Un gradito Balocco


di Salvatore Monaco

Sarà stato più o meno nel 2013, come psicologo effettuavo alcuni accessi presso un centro di riabilitazione psicomotoria a Rogliano, paese in cui abito. Seguivo un paziente con esiti da ictus  che negli obiettivi del progetto terapeutico doveva lavorare sugli aspetti cognitivi, fortemente compromessi dalla patologia che lo aveva devastato qualche mese prima. 
Era una persona molto sensibile, lo si capiva da tante cose, dal suo imbarazzo nel non poter parlare più come parlava prima della malattia e soprattutto dalla mano destra che aveva perso forza e tono muscolare. Spesso piangeva durante i vari esercizi che gli facevo fare, si commuoveva pensando al periodo in cui era sano e si occupava di tante cose, ma anche quando piangeva di gioia davanti ad un esercizio fatto bene dopo che gli facevo i complimenti. Lo facevo lavorare col computer e con l'apposito mouse e tastiera, riusciva a lavorare sulla riabilitazione della logica, memoria e linguaggio semantico. Un giorno venne al nostro solito appuntamento settimanale con un fagotto. Incuriosito gli chiesi cosa avesse in quel pacchetto e lui orgoglioso tirò fuori un gioco meccanico che aveva costruito lui qualche anno prima. 
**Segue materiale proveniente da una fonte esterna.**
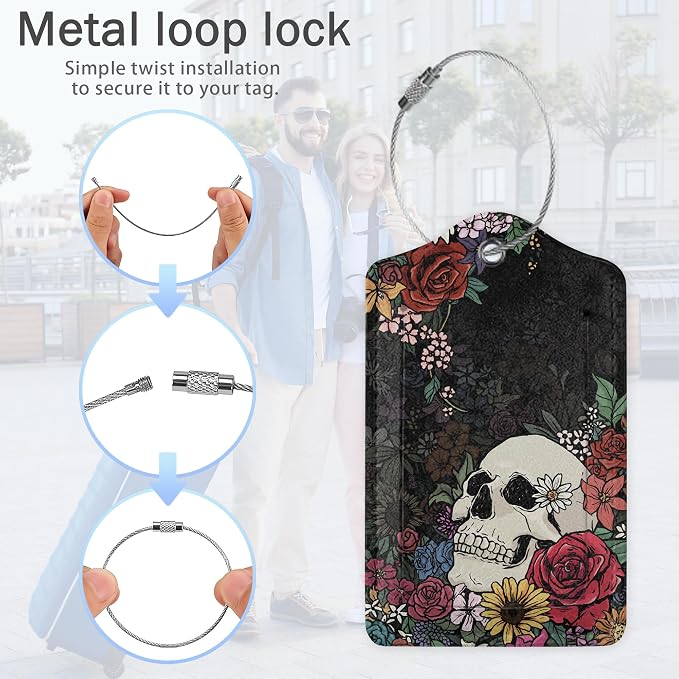 Skull Flowers Luggage Tags, 2 Pack Luggage Tag, Leather Privacy Cover ID Label - Image 5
Era fatto di materiale povero, legno, canne ed elastico di gomma e spago. Assemblati sapientemente, riproducevano un ginnasta sulle parallele che volteggiava ad ogni movimento della mano tra il manico e l'elastico. Mi raccontò che da bambino costruiva da solo questi giocattoli meccanici  con cui passava tante ore del giorno. Da adulto aveva ripreso questa passione per far divertire i suoi nipotini. Gli mancava molto il giocare con i suoi nipotini per via della mano offesa e del linguaggio che era diventato quasi incomprensibile. Era però motivato a migliorare perché voleva giocare con i nipoti. Accettai con gioia il suo dono, quel balocco diverso e strano ma bello e pieno di significato.  Lo seguì per qualche altro mese e poi io smisi di lavorare in quel centro. 
Non ho saputo più niente di quel paziente, ma conservo ancora il suo gradito dono, penso ai suoi occhi lucidi di commozione nel raccontare, seppur con evidente difficoltà,  tanti aneddoti e spesso penso alla sua forza e determinazione nel voler  ritornare  a continuare a giocare con i suoi nipoti.
Per me è stata una grande lezione di vita.